Второе событие по сравнению с первым было совсем незначительным.
Как-то я чинил сети деда Мыколы. Ко мне подсел долговязый рыбак Иван Егорович. Мы покурили, потом он сказал:
– Давно я хотел обратиться до вас с одним разговором от нашего общества. Да все не решался. Человек вы образованный, – может, у вас другие понятия, чем у нашего брата рыбака. Тогда извиняюсь.
– А что такое? – спросил я.
– Да как-то несправно получается. Все наши молодые рыбаки в армии. У них тут, понятно, жинки пооставались с детьми. Бьются те жинки, как рыба об землю, чтобы якось прожить, прокормиться. Сами рыбалят. Им это не всегда под их женскую силу. А вы, человек молодой, сильный, пошли до деда Мыколы в подручные. Было б вам лучше хоть к Христине, скажем, пойти, на ее байду. Справедливее было бы. Народ, конечно, несколько удивляется. А деду Мыколе ваша подмога нужна, чтобы лишние карбованцы прятать в кубышку.
Я почувствовал, что краснею. Старик был прав. Как я сам не догадался об этом! Я сказал Ивану Егоровичу, что не сообразил про все эти дела, а сейчас уезжаю, и ничего теперь не поделаешь.

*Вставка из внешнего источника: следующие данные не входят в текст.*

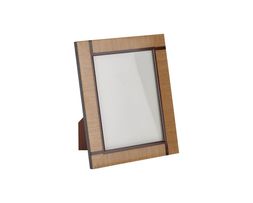 wood frame &pound;7.99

– Оно так! – согласился Иван Егорович. – Народ к вам с полным расположением. Останьтесь у нас на косе.
– Нет, никак не могу.
– Ну, тогда извините, что докучаю. – Иван Егорович встал. – Дело, конечно, хозяйское. Бывайте здоровы.

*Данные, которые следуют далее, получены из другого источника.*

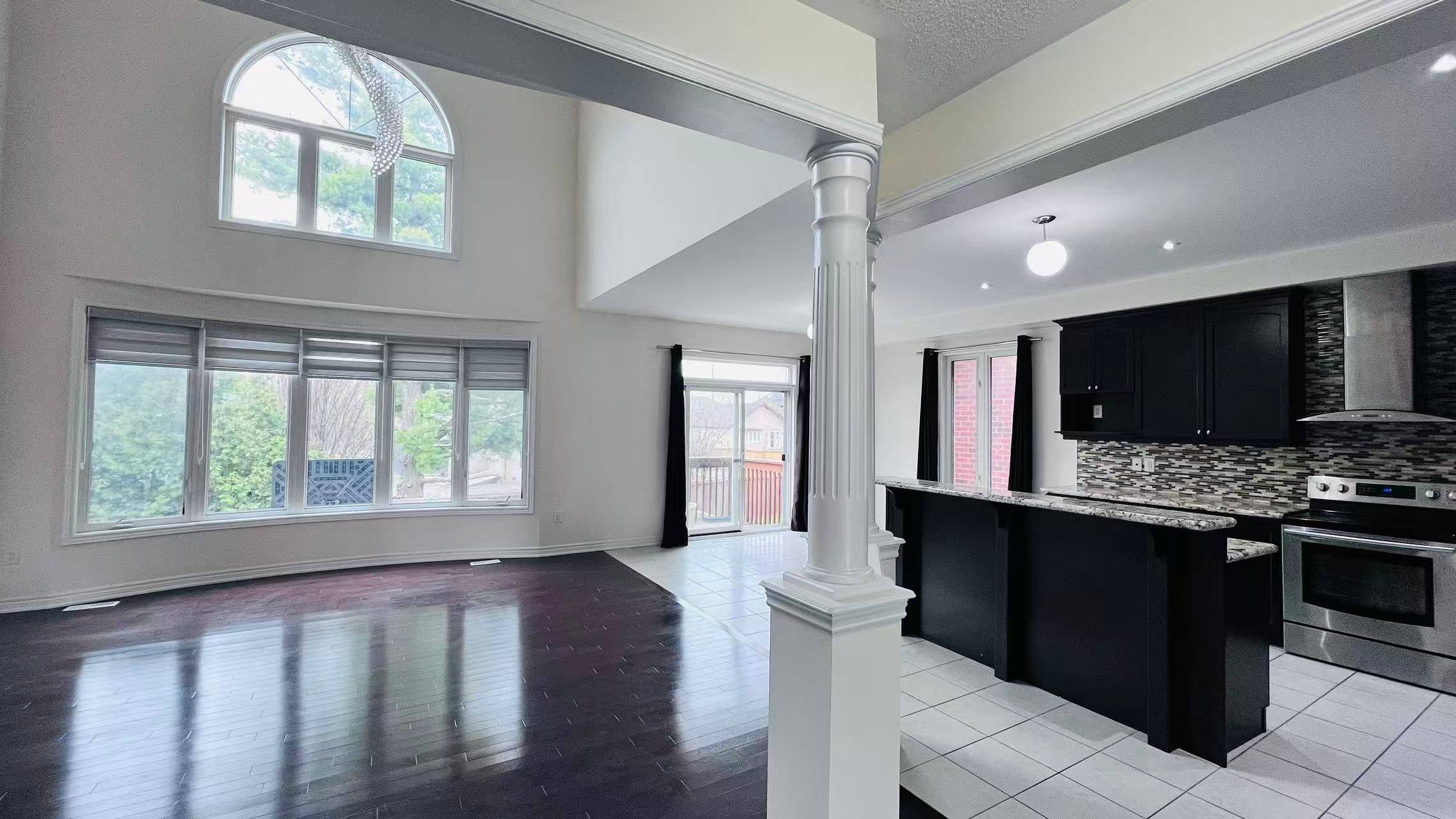 42 Pagnello CRES, Markham, ON L6B 0T3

После этого разговора дед Мыкола и бабка Явдоха потеряли для меня всякий интерес, и я решил завтра же уехать в Таганрог, но, на мое счастье, к вечеру пришел пароход «Керчь». Он шел в Мариуполь.
К приходу «Керчи» на берегу собралось все население косы.

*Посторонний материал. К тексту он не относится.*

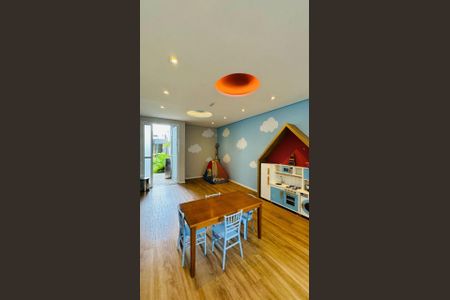 Apartamento para alugar com 40m², 2 quartos e sem vaga Apartamento para alugar com 40m², 2 quartos e sem vagaBrinquedoteca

Меня провожали ласково, желали и доброго здоровья, и счастья, и удачи. Все целовались со мной, предварительно вытерев губы тыльной стороной ладони.
Отвезли меня на «Керчь» на своей шаланде Христина с Наталкой. Взяли с собой и двух мальчиков. Я ничего не сказал Христине про разговор с Иваном Егоровичем. Неловко было сознаваться в своей оплошности.
Я поднялся на палубу «Керчи», заваленную прессованным сеном, и подошел к борту. Пароход заревел свирепым басом, совершенно не вязавшимся с его потрепанным видом и ничтожной величиной.
Колеса взбили зеленую пенистую воду. Наталка стояла в байде. Лицо у нее жалко сморщилось, и она закрыла его рукавом. Она плакала, а Христина, наклонившись к ней, тормошила ее и смеялась.
Байда начала отодвигаться вместе с берегом. Оттуда женщины махали белыми платками, и казалось, что над берегом все над одним и тем же местом низко вьется стая чаек и не решается сесть на песок. Заплаканная Наталка тоже махала своим выцветшим зеленым платочком.
Пароход уносил меня от знакомого обрывистого берега. Опять, как при всех переменах в жизни, болезненно билось сердце. И было тем труднее, что жизнь складывалась как-то нелепо. Между отдельными ее частями не было никакой связи. Люди, внезапно появившись в моей жизни, так же внезапно из нее исчезали, может быть навсегда.
Из Мариуполя я послал телеграмму Любе в Харьков. А послав, начал жалеть об этом. Но было уже поздно.
В Харьков поезд пришел ранним зябким утром. На перроне меня ждала Люба. Она была в коротком жакете и легком платочке на голове. Ей было холодно, и даже губы у нее посинели.
Она бросилась ко мне. Мы поцеловались. Потом она внимательно посмотрела мне в глаза, взяла за руку, и мы молча отошли за какой-то заколоченный киоск на платформе.
– Не говорите мне ничего, – сказала Люба.
Она обняла меня за плечи и прижалась головой к моей груди, как будто искала защиты. Я молчал. Она прижималась ко мне все крепче и крепче, и голова ее вздрагивала. Так прошло несколько минут. Ударил третий звонок. Люба подняла голову, быстро перекрестила меня, отвернулась и пошла прочь по перрону, прижав к лицу край своего платка. Я вошел в вагон. Поезд тронулся.